Gute Seiten, schlechte Seiten

Mein Buchhändler zu sein, stelle ich mir im Großen und Ganzen sehr angenehm vor. Jeder kennt den kleinen runden Mann und seine Frau und – was eigentlich viel erstaunlicher ist – auch die beiden kennen alle. Sie müssen riesige geheime Kapazitäten in ihren Gehirnen haben, sie merken sich alle, die hier leben – und damit meine ich, dass sie mindestens etwas Persönliches über sie wissen und im richtigen Moment abrufen können. Mir ist völlig unbegreiflich, wie sie sich das merken können, denn sie kennen zusätzlich auch noch alle Bücher. Na gut, das ist übertrieben, aber nur wenig. Sie kennen fast alle Inhalte der Bücher, die sich in ihrem Laden bis unter die Decke stapeln. Und sie sind immer dazu aufgelegt, über diese Bücher zu sprechen. Über den Autor: »Ach, von dem habe ich noch dies und das und jenes, hast du das gelesen? Mir gefiel dies besser als das, aber toll ist jenes.« Und über Verlage: »Bei Tralala ist ja Derundder weg und dafür Dieunddie gekommen, bin gespannt, ob man das am kommenden Programm merken wird.« Sie mögen, wie alle, die Frankfurter Buchmesse nicht und die Leipziger sehr wohl und Gespräche mit der Buchhändlerin sind immer ganz besonders interessant, weil ihr Deutsch sehr eigen ist und viel Spielraum für Interpretationen des Gesagten lässt.
Im Laden, der – das einzige Manko dieser Zauberwelt – so klein ist, dass man nichts selber suchen kann, steht immer eine Schale mit Süßigkeiten, eine kleine, aber effektvolle Kundenbindung, die andere Einzelhändler in der Straße längst nachahmen. Wenn ich möchte, kann ich mich so von Buch zu Blume zu Spielwaren durchfuttern.

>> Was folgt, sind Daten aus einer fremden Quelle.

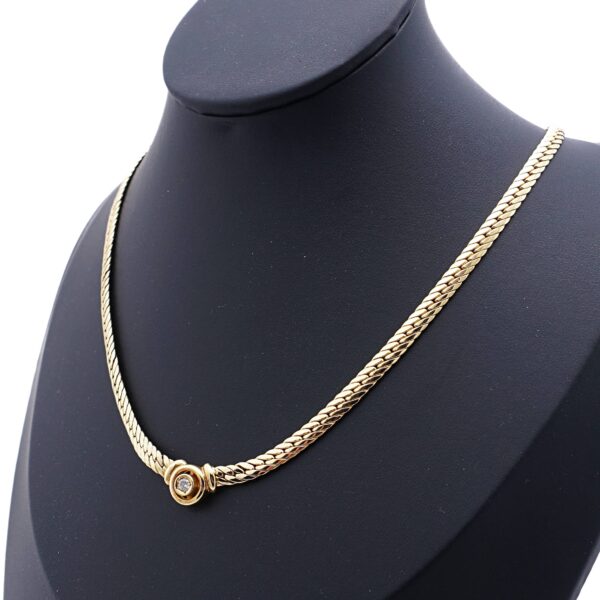 Flachpanzer Collier mit Brilliant in 585 14kt Gelbgold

Nur selten hält sich nur ein Kunde im Geschäft auf, meistens drängeln sich zwei oder drei auf der winzigen Fläche, im Sommer wartet man lieber draußen, bis man an der Reihe ist, und das kann dauern, denn jeder Kunde wird gleichermaßen gut und ausführlich beraten. Man braucht also Zeit, um hier Bücher zu kaufen, aber während man so vor sich hin wartet, kann man der halbstarken Spatzen-Gang beim Kirschenklauen zusehen und schämt sich währenddessen zu Recht für jedes einzelne Buch, das man im Versand bestellt hat, statt es hier zu kaufen. Es scheint also ein perfekter Job, dieses besondere Buchhändlerpaar zu sein. Zumindest solange man vergisst, wie viele schlechte und furchtbar langweilige Bücher die beiden neben den wenigen schönen und wichtigen verkaufen und zumindest querlesen müssen. Und dass sie beim Gespräch darüber nicht schmerzverzerrt aufschreien und abraten, sondern so tun, als ob jedes gewünschte Buch lesenswert sei. Glaubhaft. Das ist die hohe Kunst des Buchhändlerpaares und ich vermute, sie kompensieren das mit sehr, sehr eigenartigen Albträumen von Daniel Kehlmann als verliebtem Vampir. Voll Grusel!